Le Parlement roumain va décider, lundi 24 août, s’il valide une réforme fiscale qui devrait changer radicalement le paysage économique du pays. Le nouveau projet de code des prélèvements prévoit une baisse de la TVA qui la ferait passer de 24 % à 20 % et une réduction massive des taxes et impôts.
L’objectif est de relancer la consommation et de rendre la Roumanie plus attractive pour les investisseurs étrangers. Début juin, Bucarest a déjà baissé la TVA sur les produits alimentaires et les services touristiques de quinze points, la ramenant à 9 %. « Le plus important est de donner un message fondamental pour l’économie et la société, avait déclaré le premier ministre socialiste, Victor Ponta, le 19 juillet. Si on prend en compte la réduction pour les aliments, la TVA s’élèvera en moyenne à 16 %. »

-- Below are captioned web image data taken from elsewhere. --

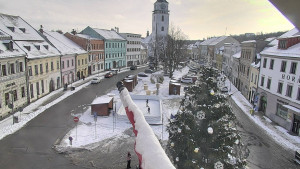 Město Velké Meziříčí - Náměstí, Městská věž - 1.1.2026 v 11:31 Město Velké Meziříčí - Náměstí, Městská věž - 1.1.2026 v 11:31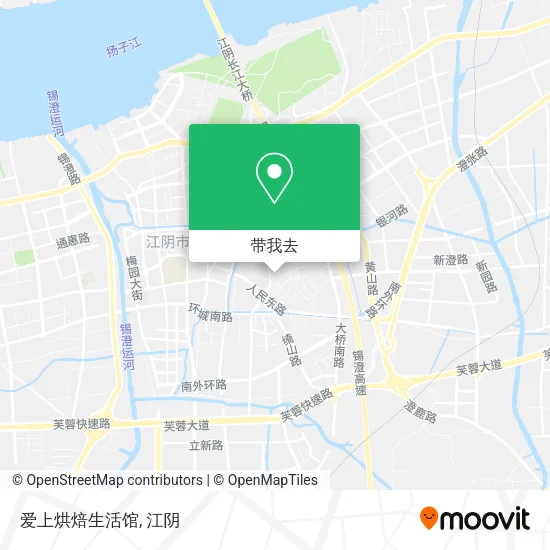 爱上烘焙生活馆地图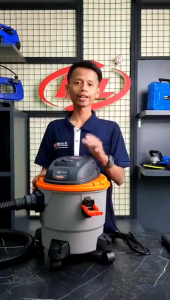 Mesin Peyedot Debu Vacum Cleaner H&L HnL HL Wet & Dry HS 15 WD Kering Dan Basah 1.000Watt Vacuum Cleaner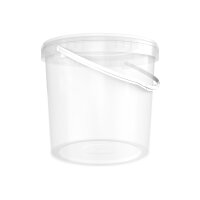 Eimer mit Deckel, Transparent, 10 Liter rund lebensmittelecht luftdicht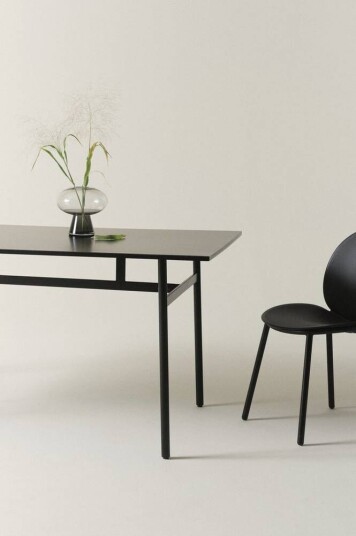 Jotex BRINDISI spisebord 90x175 cm Svart matt 1692344-01-0 1703248-01-0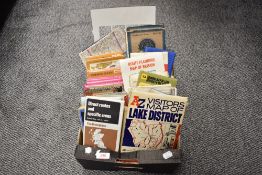 A box of miscellaneous maps, Ordinance Survey, Bacon's Motoring, Bartholomews, etc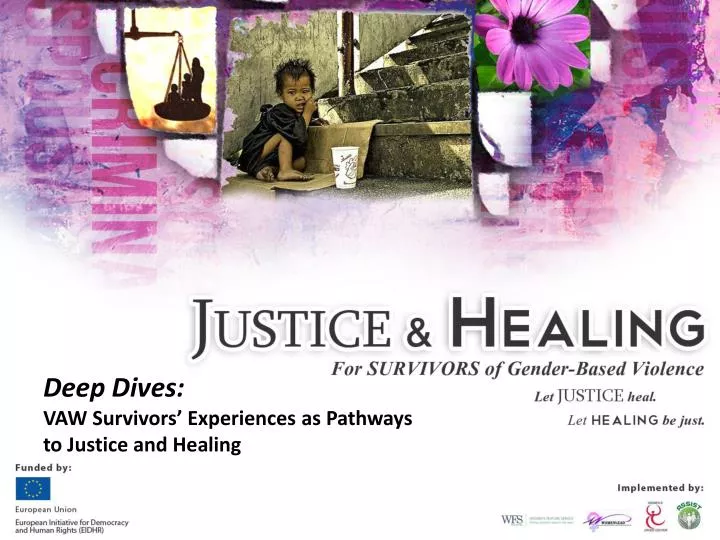 deep dives vaw survivors experiences as pathways to justice and healing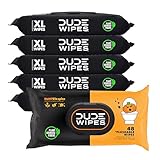DUDE Wipes - Flushable Wipes - 6 Pack, 288 Count - DUMPkin Spice with Clove, Nutmeg, and Other Fall Pumpkin Spice Scents - Septic and Sewer Safe, Extra Large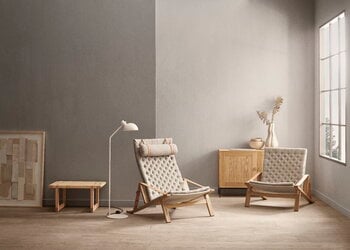 Carl Hansen & Søn FK11 Plico chair, oiled oak - natural linen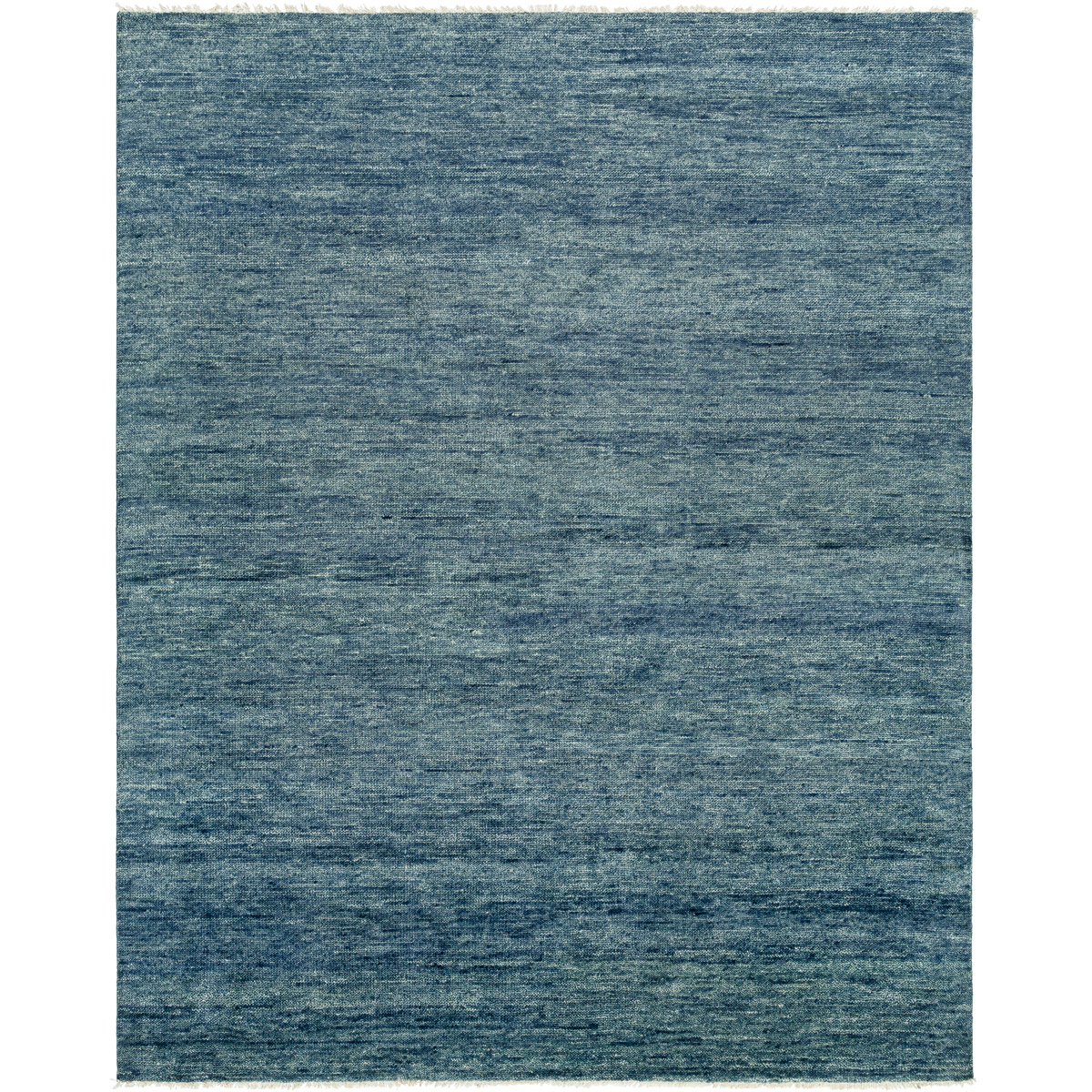 Dakota Modern Blue Hand Knotted Wool Solid Hand Knotted Rug - 8'x10'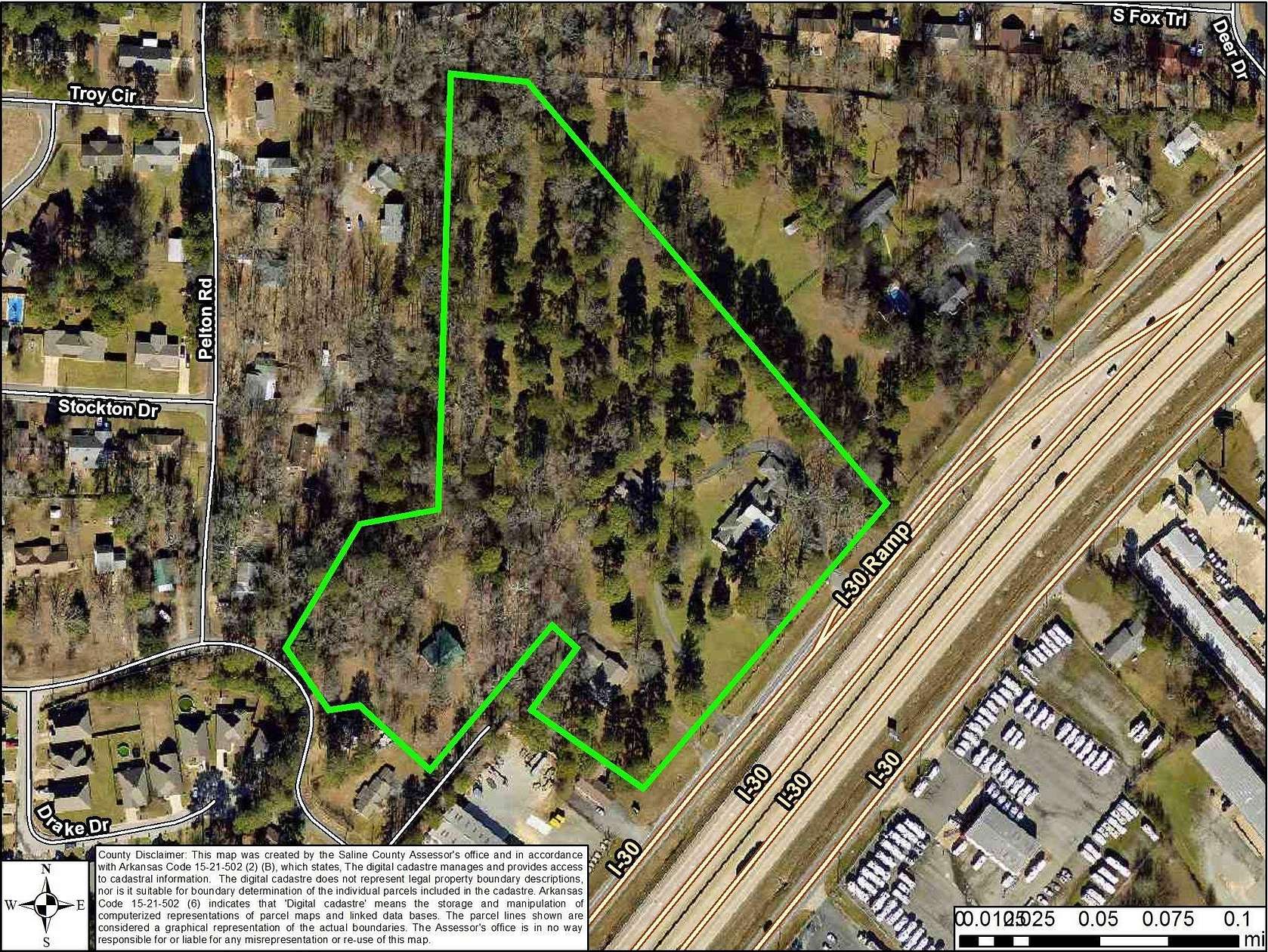 12.38 Acres of Improved Commercial Land for Sale in Benton, Arkansas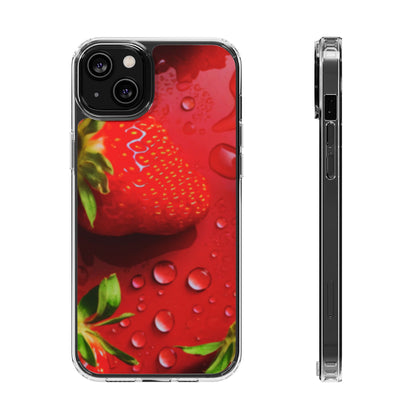 Clear Phone Case – Strawberry Drip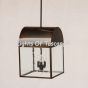 2158-4 Wrought Iron Colonial Style Hanging Lantern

Le geste du gouvernement, destiné à bénéficier à la croissance, ne fait pas l’unanimité. Une première tentative pour faire passer ce code fiscal a déjà eu lieu le 24 juin. Le Parlement avait donné son feu vert. Mais le 17 juillet, le président libéral, Klaus Iohannis, a refusé de le promulguer loi et l’a renvoyé devant les députés. « Nous devons faire preuve d’une attitude équilibrée et rationnelle afin d’éviter des dysfonctionnements qu’il nous faudrait corriger par la suite, a justifié le chef de l’Etat.
Le FMI sceptique
M. Iohannis, qui doit gérer une cohabitation difficile avec son premier ministre socialiste depuis sa victoire à l’élection présidentielle de novembre 2014, n’est pas le seul à critiquer cette réforme. Le Fonds monétaire international (FMI) a conseillé à la Roumanie de revoir ses projets, « pour préserver des progrès durement acquis en matière de stabilité économique », a ainsi affirmé la représentation du Fonds dans le pays dans un communiqué rendu public le 4 août. Il n’est pas évident qu’un nouveau coup de pouce à la consommation financé par la dette soit souhaitable. La Roumanie a besoin de mesures qui favorisent l’investissement et d’une meilleure gestion des dépenses publiques et de l’utilisation des fonds de développement européens. »
Sur le budget pour la période allant de 2007 à 2013, Bucarest a reçu 32 milliards d’euros de fonds de la Commission européenne. Mais, en l’absence de projets fiables pour utiliser cette manne, le pays n’a dépensé qu’un tiers de ce budget. Sur le budget 2014-2020, la Roumanie devrait bénéficier de 44 milliards d’euros de l’Union européenne (UE), mais le gouvernement a accumulé beaucoup de retard pour déposer à Bruxelles les projets attendus.
Au-delà des défis économiques liés à la réforme fiscale se profile la bataille politique dans la perspective des élections législatives qui auront lieu en novembre 2016. D’une part, le premier ministre socialiste tente de relancer l’économie pour gagner du capital politique, d’autre part, le président libéral ne veut pas que le prochain gouvernement paie la note d’un relâchement fiscal controversé.
Le pays sur des rails depuis 2000
Souvent montrée du doigt comme le mouton noir de l’Europe en raison d’une corruption endémique, la Roumanie a réussi une performance économique. Après la chute de la dictature communiste en 1989 et la transition chaotique des années 1990, le pays s’est remis sur les rails à partir de 2000 lorsque Bucarest a entamé les négociations d’adhésion à l’UE. Mais la crise qui a touché l’économie mondiale en 2008 a interrompu cet élan.
Confronté à un scénario à la grecque, le président de centre droit de l’époque – Traian Basescu – avait demandé à son gouvernement de mettre en œuvre une politique d’austérité. En 2010, du jour au lendemain, les fonctionnaires avaient vu leur traitement diminuer d’un quart et la TVA était passée de 19 % à 24 %, ce qui avait pénalisé la consommation. Plus de 200 000 emplois avaient été supprimés dans la fonction publique.
« Une croissance économique exagérée et basée sur la consommation est vouée à s’effondrer, a rappelé l’ancien président Basescu le 16 août à propos de la réforme fiscale. Si le nouveau code passe, nous serons confrontés, en 2017, à la crise que nous avons déjà connu en 2010. » Lundi 24 août, le Parlement roumain décidera de la direction que prendront les finances du pays.